A single phase 230 volt motor will work just fine on any standard United States single phase 3 wire electrical service. Typically 120/240 volts.  There seems to be some confusion about if it is 220 volts, 230 volts or 240 volts. On a 60 cycle single phase system, which is a the standard for the USA the voltage averages 115-125/230-250 volts, usually on the lower end.  I have been an electrician for over  40 years and hold a California electricians license.  You need to know how many amps the motor draws at 230 volts to know if you need a 20 or 30 amp circuit.  Up to 15 amps a 20 amp circuit is ok, 16 to 25 amps needs a 30 amp circuit.  Good Luck.  If you have a Home Depot or Lowes near you they should be able to help you with finding a qualified electrical contractor if you need one.

Kevin H. Criswell

No 220-230 same thing.
Thanks everyone for your help  with this!!
Hi there no you wil not have to have anthing done it will say on your new saw 220v to 240v
Please give me a call      480 969 6186   I will help you with your electrical installation    thom

if you have 2 seperate breakers powering the 220 outlet it is not wired right..it should be ONE breaker that fills 2 normal 110 slots.. the plug will probably fit the wall.. a dryer plug is 220 and a 110 for the motor, not the same..

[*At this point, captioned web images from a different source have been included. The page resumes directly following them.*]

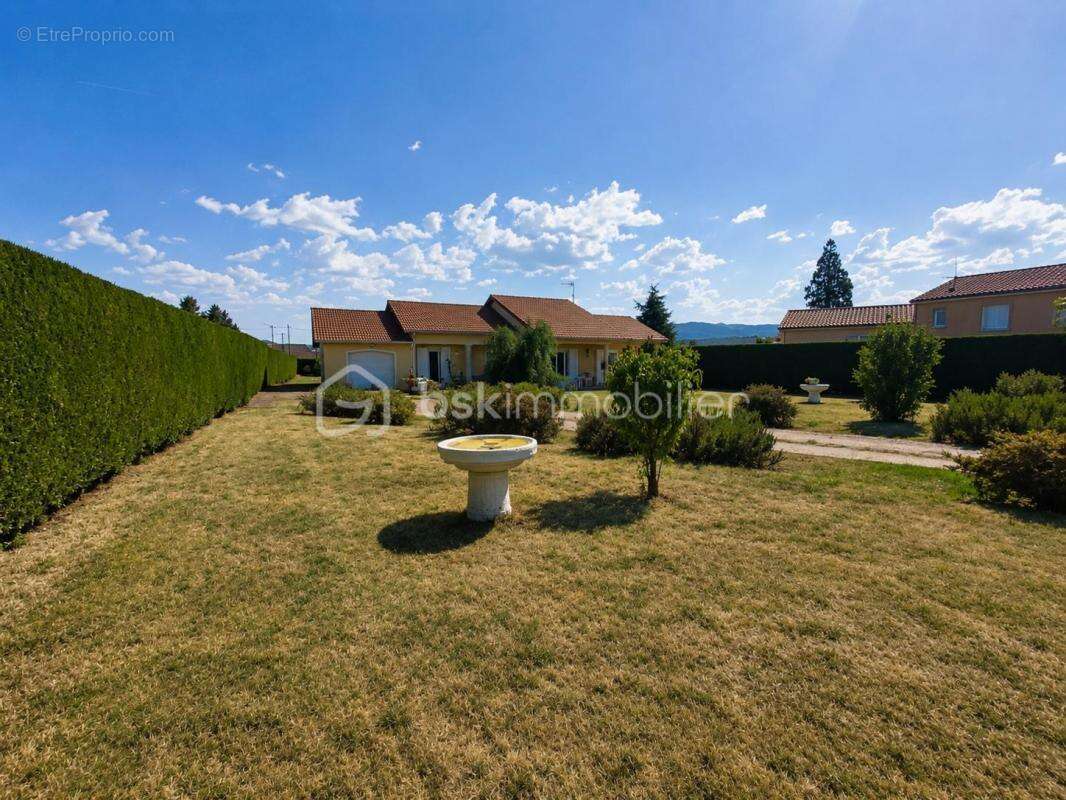 Maison familiale de plain-pied de 170 m² avec 2 830 m² de terrain - photo 17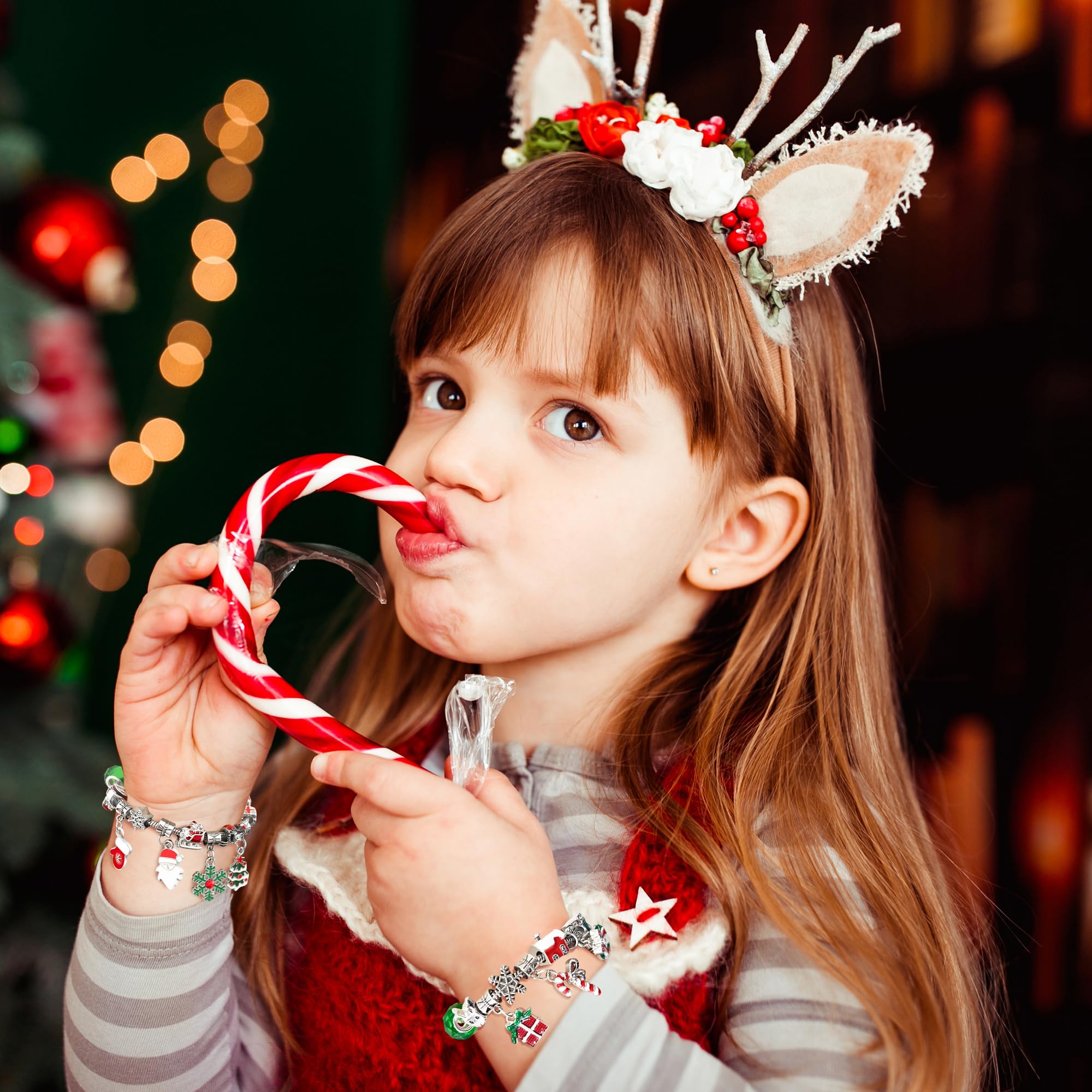 Christmas Advent Calendar Bracelets 2026 for Girls, 24 Days Xmas Countdown DIY Jewelry Kit with 22 Charm Beads and 2 Adjustable Bracelets Gift for Kids Teens Women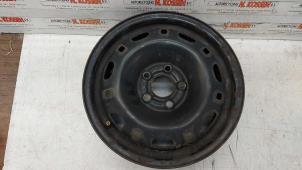 Used Wheel Volkswagen Polo IV (9N1/2/3) 1.4 16V 75 Price on request offered by N Kossen Autorecycling BV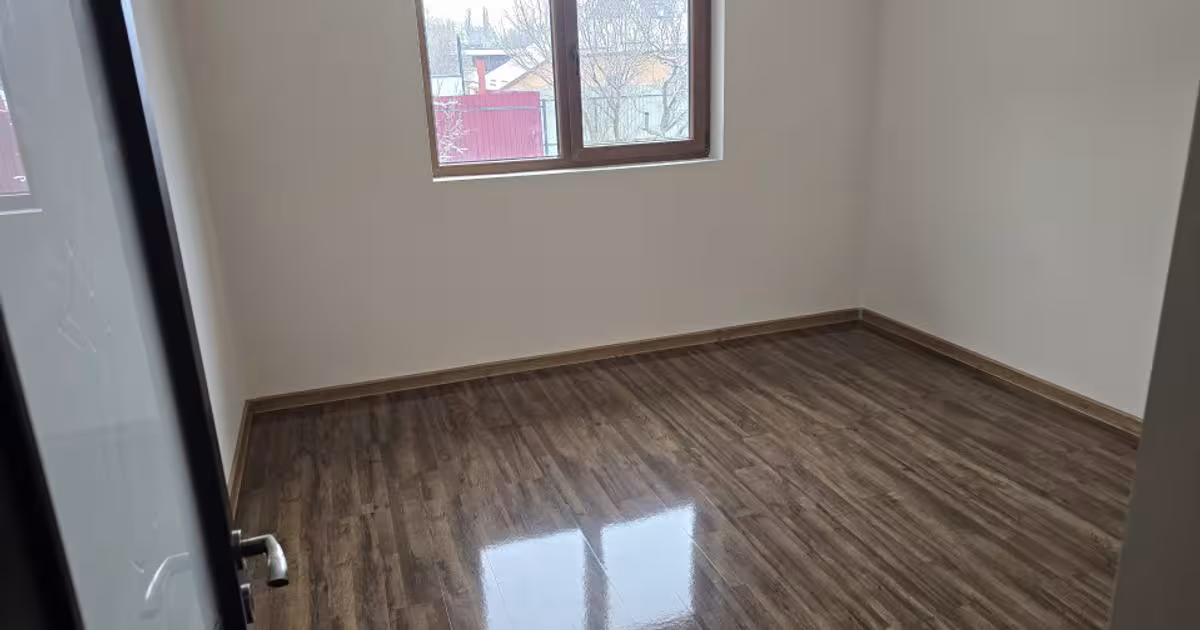 Casă individuală cu 4 camere în Târgu Neamț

the 220 breaker must be one solid switch.. 10 g is correct for wire.

best to run a seperate breaker and wire if unsure..and have a second 220 outlet! like for a compressor or larger dust collector!

 

good luck

My 220v is on one breaker and I actually do have 2 220v outlets in my garage.  One for the Jointer and one for the table saw.  My dust collector is on 110 since it can't be wired for 220, but is on it's own breaker and separated from everything else.  I have a 20 amp breakers for my 220 and have 12-3 wired run for that service.  The new saw calls for a 20 amp breaker, but if I need to upgrade it isn't a big deal, it's only 20 ft of wire and a new breaker.

tom flannery said:

if you have 2 seperate breakers powering the 220 outlet it is not wired right..it should be ONE breaker that fills 2 normal 110 slots.. the plug will probably fit the wall.. a dryer plug is 220 and a 110 for the motor, not the same..

the 220 breaker must be one solid switch.. 10 g is correct for wire.

best to run a seperate breaker and wire if unsure..and have a second 220 outlet! like for a compressor or larger dust collector!